[7. Churn Prediction](flow_zone:default) zone builds the churn prediction model using labeled data and customer-product-month level features. The model predicts the likelihood that a customer will churn from a given product in the near future. Once trained, the model is applied to new data to produce churn probabilities and predictions, which are later consumed by dashboards and action frameworks.

![Screenshot 2025-08-14 at 15.01.38.png](s1aRSCxmCncx)

## Training Data Preparation
 **Note:** Churn datasets in retail banking are often ** highly imbalanced** , where only a small percentage of customer-product relationships result in churn.

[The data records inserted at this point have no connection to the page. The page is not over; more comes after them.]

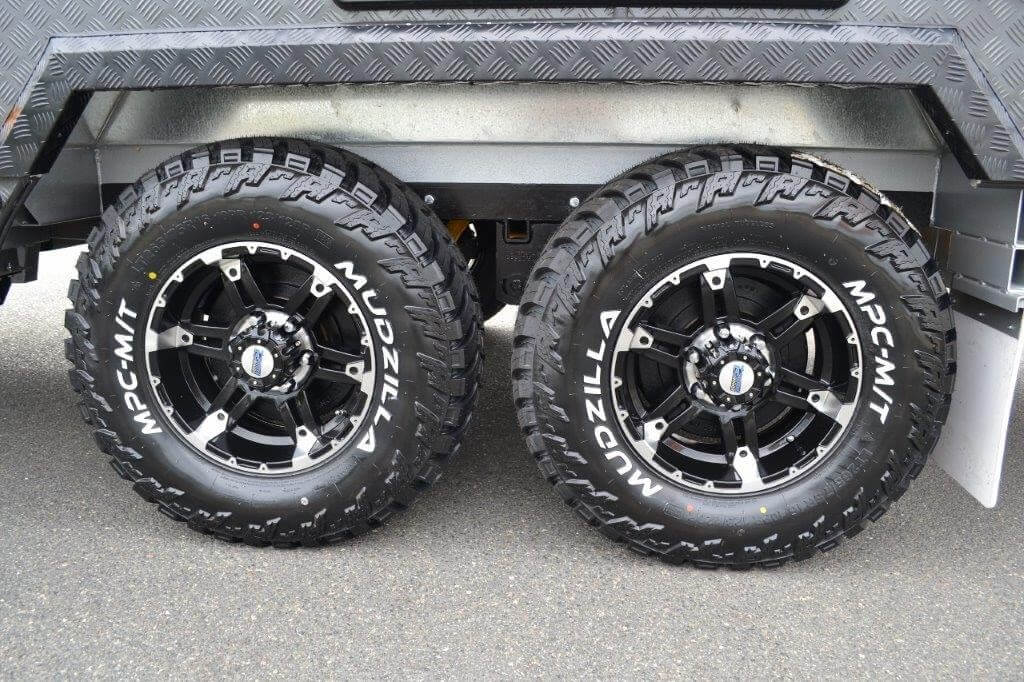 Montana Parklands 20ft6 Straight Kitchen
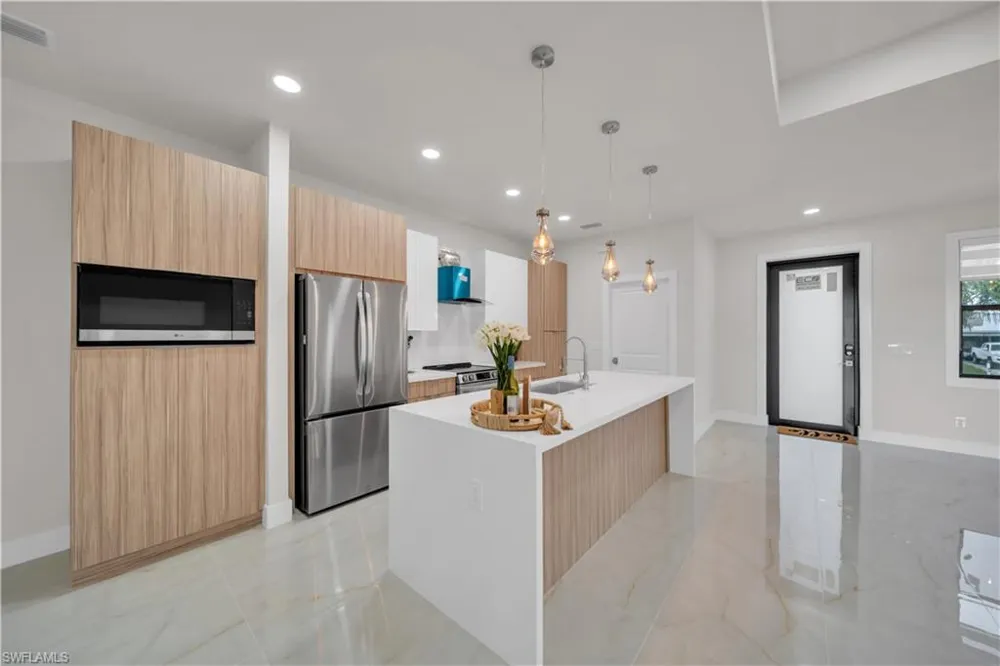 1909 NE 19th Place Cape Coral, FL 33909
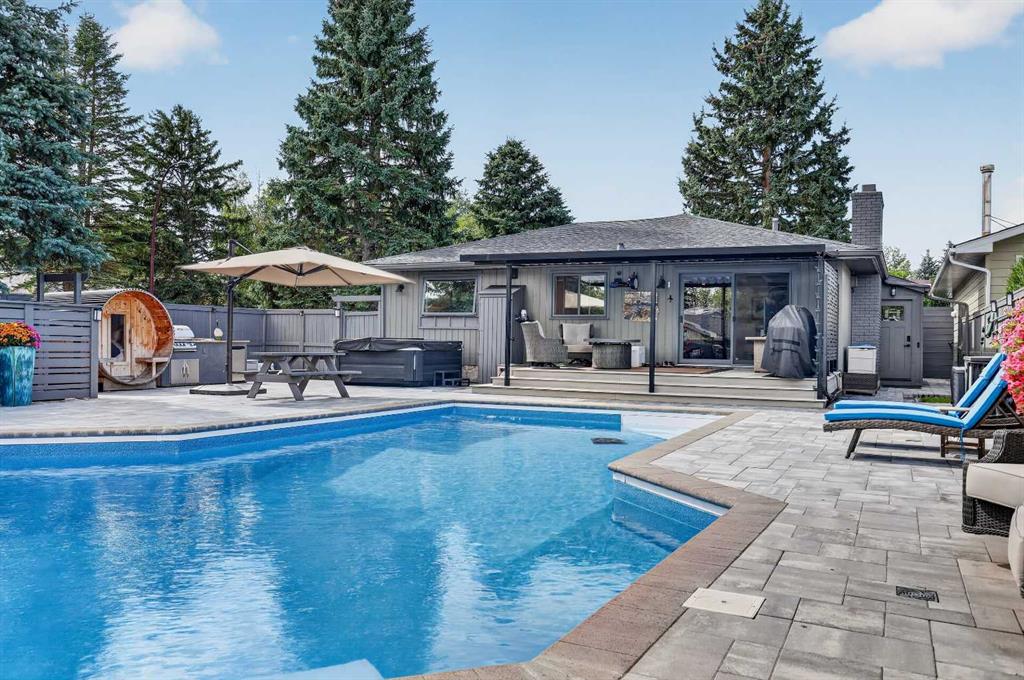 Picture of 55 Midridge Close SE, Calgary Real Estate Listing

This imbalance can negatively impact model training, especially for classification algorithms, which tend to favor the majority class i.e. non-churned.

To mitigate this, we perform undersampling to generate a  **balanced training set** using a series of visual recipes before the modeling step:

The first split recipe is to split the modelling (known labels) and inference datasets (unknown labels)
Afterwards, we are applying a sampling strategy ensures better model learning and avoids bias toward the majority class

- The  **split recipe**  divides the dataset into:
   train_data_1: All observations labeled as churned (modeled_churn = 1)
   train_data_0: All observations labeled as not churned (modeled_churn = 0)
 - The  **filter recipe**  is then used to randomly select a fixed number of rows (e.g., 100,000) from train_data_0, i.e., the non-churned class.
- The  **stack recipe**  is used to combine the sampled non-churn rows with all churn rows, creating a balanced dataset (modeling_data_prepared) used for model training.

## Model Training Process

The Binary classification model is trained on modeling_data_prepared using historical behavioral, transactional, and portfolio features.This model outputs both:
- A binary churn prediction (0 or 1) for each customer-product relationship.
- A churn probability score (0.0 to 1.0), which can be used to rank risk and prioritize retention actions.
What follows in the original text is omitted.